Joking Along Color Lines

So, 75 white comedians walk into a movie…

This is not the central joke of The Aristocrats, a documentary that opened nationwide this weekend, but it could be. Cutting between interviews and performances of more than 70 comic masters, including Sarah Silverman, Drew Carey, Michael McKean, Eddie Izzard, Paul Reiser and the "South Park" guys, the film traces the history of stand-up's most obscene inside joke -- with almost no commentary from the nation's many black comedians.

By now you may know the joke, but comedians have been telling the gag to each other off-stage since at least as far back as the turn of the century. The set up: A guy is pitching his act, to an agent. The punch line: The act is called "The Aristocrats." Its meat, however, is all the vile stuff that happens in between. The description of the act gives each comedian in the film a chance to show off his or her chops and wax scatological, profane, bestial, necrophiliac and spectacularly offensive. The beauty and appeal of The Aristocrats lies in the virtuosic skills of its tellers: Forget shocking the crowd; watch what it takes to shock the shockers.

But the glaring absence of so much black talent -- and Latino and Asian talent, for that matter -- is a shocker, too. It's especially ironic given the movie's references to the joke as a jazz riff, and comparisons to Miles Davis and John Coltrane. We hear only from Whoopi Goldberg and Chris Rock. No Dave Chappelle, Bernie Mac, Eddie Murphy, Cedric the Entertainer, Margaret Cho, Wanda Sykes, Steve Harvey, DL Hughley, Bill Cosby, Chris Tucker, George Wallace, Flip Wilson, Richard Pryor… the list goes on and on.

Paul Provenza, the film's co-director and himself a respected comedian, doesn't hesitate when I ask how a movie that posits race as the final taboo manages to leave out so many talented non-white comedians. "It is what it is," he says. "But Chris Rock explains why so succinctly in the film, there was nothing we could possibly add."

Rock's explanation is this: Historically, blacks could be as raunchy as they wanted on the infamous chitlin' circuit, and they had no chance of getting on TV or radio anyway. The opportunity to be obscene is less exciting when you can be obscene whenever you want, unheard and unpaid, and you are already on the outskirts of respectability. Unlike almost all the other big-name comics who appear in The Aristocrats, Rock himself does not try to tell the joke.

But that's only part of the story. Provenza and Teller did cast a wide net, beginning with their friends and then reaching out to their favorite comics in the business. But the Hollywood publicity machine knows no color lines, and the most recognizable names on that list of noticeably absent comedians are so well-protected by the phalanx of publicists, managers and agents that even Provenza and co-director Penn Gilette, of Penn and Teller fame, couldn't get through.
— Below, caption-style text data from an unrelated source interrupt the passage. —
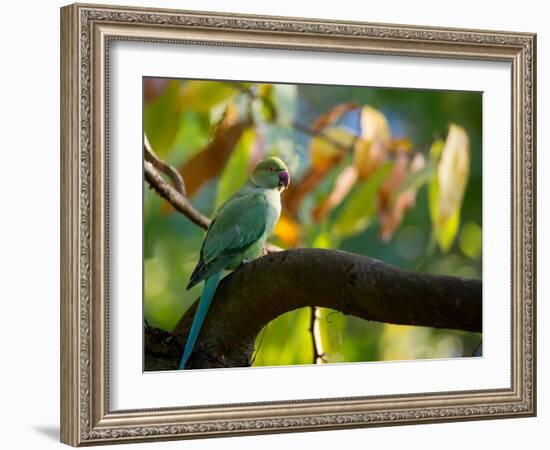 A Ring-Necked, or Rose-Ringed, Parakeet, Psittacula Krameri, Perches on a Tree Branch at Sunset-Alex Saberi-Framed Photographic Print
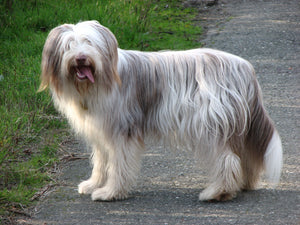 Bearded Collie – Fun Facts and Crate Size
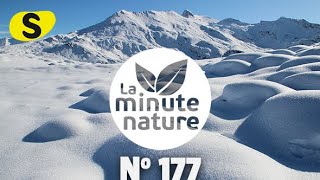 DORMIR DANS LA NEIGE (No 177)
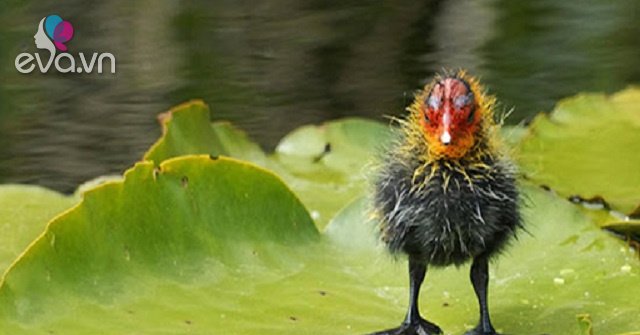 View - Loài chim "cực bổ” cho Nam giới, ngày xưa dùng để tiến vua, giờ là đặc sản được săn lùng, giá bán cả triệu đồng/con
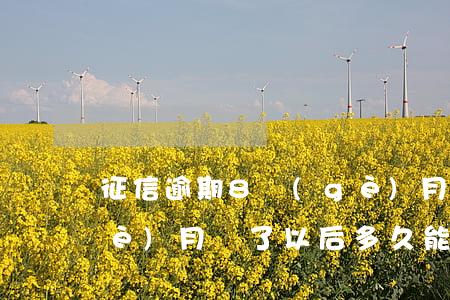 征信逾期8個(gè)月還款(逾期八個(gè)月還了以后多久能恢復(fù)征信)
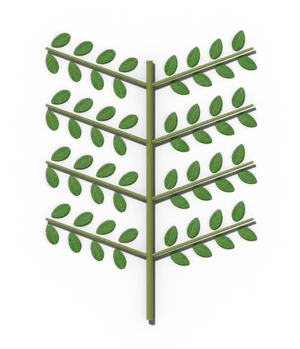 Bipinnate compound leaf: twice divided into small leaflets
Wanda Sikes? Couldn't get to her. Jamie Foxx? Chris Tucker? They never heard from their "people."

Chappelle, who loved the joke, could never make time to film. The directors were lucky enough to catch Chris Rock backstage, with camera in hand. As for the venerable Richard Pryor, "Every comedian in America wishes they were Richard Pryor," says Provenza, who wanted him so badly that he called his idol's wife at home, even though he knew the legendary comedian was ill. "We could hear him laughing and coughing in the background."

Then there were black comedians like Bernie Mac and DL Hughley who didn't know the joke, but agreed to try and do it for the movie "to be nice."

"That didn't seem right either," Provenza says. "We could have let them help us out just so we could get more black faces in, but that would have been totally disingenuous."

The reality is that the gag has historically been a white person's joke, the crystal meth of American humor. "This racial divide is there, and the last thing we'd want to do is try to cover that up to be PC," Provenza says. In fact, Provenza considers political correctness one of stand-up's richest sources of material, and several comics in his film concur, pointing out that talking about race has replaced talking about sex as comedy's best transgression.

But Provenza thinks that could be on its way out, too. "Just like Whoopi said, I'm not even sure if race is the shocker anymore. Now when I tell the joke, I set it in Abu Ghraib."